A young Reese Witherspoon (as Tracy Flick) rules in this 1999 classic about petty deceit in a high school Class President election, and one very determined young girl. From its screeching theme music to subtle and outright blunt comic bits, with Matthew Broderick as a flustered teacher caught up in a ballot scandal, Election is a must-see.


A Face in the Crowd

"Oh, if they ever heard the way that psycho really talks." Preceding Bob Roberts by decades, this 1957 black and white classic serves up eerie parallels to our current White House occupant's ascendancy. In a performance nowhere near Mayberry, Andy Griffith, as country/western singer Larry "Lonesome" Rhodes, shifts from a homespun talent to a malevolent autocrat as he rises to power. Patricia Neal, Burl Ives, Mike Wallace, and other amazing actors of the era costar in Elia Kazan's direction of Budd Schulberg's screenplay.


Game Change

Remember when the strangest vice presidential candidate was either Dan Quale or Sarah Palin? Republican candidate-to-be John McCain (given an unlikely sexy yet befuddled demeanor by Ed Harris) is coerced into joining forces with a then-obscure Alaskan governor, Palin (a bravura performance by Julianne Moore). The surprisingly empathetic portrayal offers a scathing look at the performative nature of politics and the sacrifices people make for power.


Head of State

Chris Rock's directorial debut and star turn as a low-level Washington D.C. alderman who becomes a presidential nominee takes a comic turn, with a few serious issues tossed in. His new handlers want him to serve as a ringer set to lose, but things change as his popularity as a hip hop Everyman grows, along with Bernie Mac as his feisty brother and vice presidential candidate.


The Manchurian Candidate

Laurence Harvey, Janet Leigh and Frank Sinatra star in Director John Frankenheimer's classic psychological thriller (George Axelrod's screenplay) about mind control, assassination plots and political intrigue. But Angela Lansbury, at the height of her dramatic skills, steals the show as the mother of a political puppet put forth by a 'deep state.' Don't watch the 2004 Jonathan Demme remake until you've seen the haunting 1962 original. Correction; don't watch the remake.


Milk

"Elections of any kind are a fucking bourgeois affectation," says a young Cleve Jones in Milk. The political and personal legacy of San Francisco Supervisor Harvey Milk, as seen through Dustin Lance Black's Oscar-winning screenplay and Gus Van Sant's directional panache, visualizes 1970s life for gay people, including the heinous anti-gay Briggs Initiative and the growth of the LGBT community in political leverage.
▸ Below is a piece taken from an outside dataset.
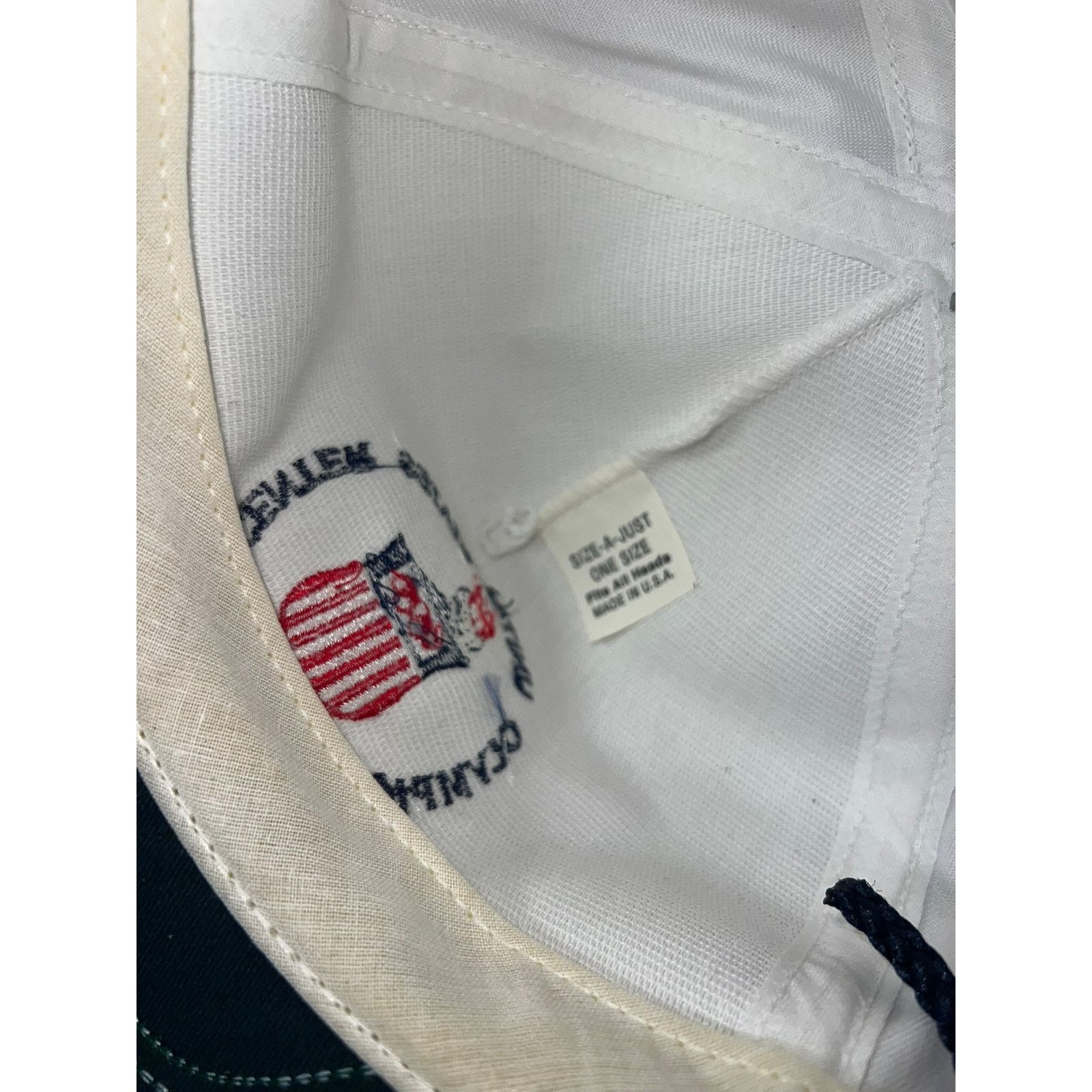 Vintage Vintage US Olympics Hat Roper Olympic Training Center VTG Size ONE SIZE - 8 Thumbnail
Many local readers may even have been extras in the film, which starred Sean Penn and culminates in the tragic assassination of Mayor George Moscone and Milk at the hand of the vengeful ousted supervisor Dan White; a must-see.


Primary Colors

Mike Nichols directed and Elaine May wrote the barely disguised fictional comedy (adapted from the book Primary Colors: A Novel of Politics, 'sort of' about Bill Clinton's 1992 presidential run) about a Clinton-like politician with a wandering eye for the ladies (portrayed with surprising comic flair by John Travolta), plus Emma Thompson, Kathy Bates, and a great cast.


Wag the Dog

"Controlling the media narrative is more important than the truth." Barry Levinson's 1997 absurdist comedy (Hilary Henkin and David Mamet's screenplay) pairs a political fixer (Robert De Niro) who colludes with a Hollywood producer (Dustin Hoffman in a Robert Evans hairdo and glasses) to create a fake mini-war to cover up a presidential sex scandal. The stellar cast (including Willie Nelson, Woody Harrelson, William R. Macy, and uh, Anne Heche) and smart writing were complimented by the timing. The Bill Clinton-Monica Lewinsky scandal made news as the film was released.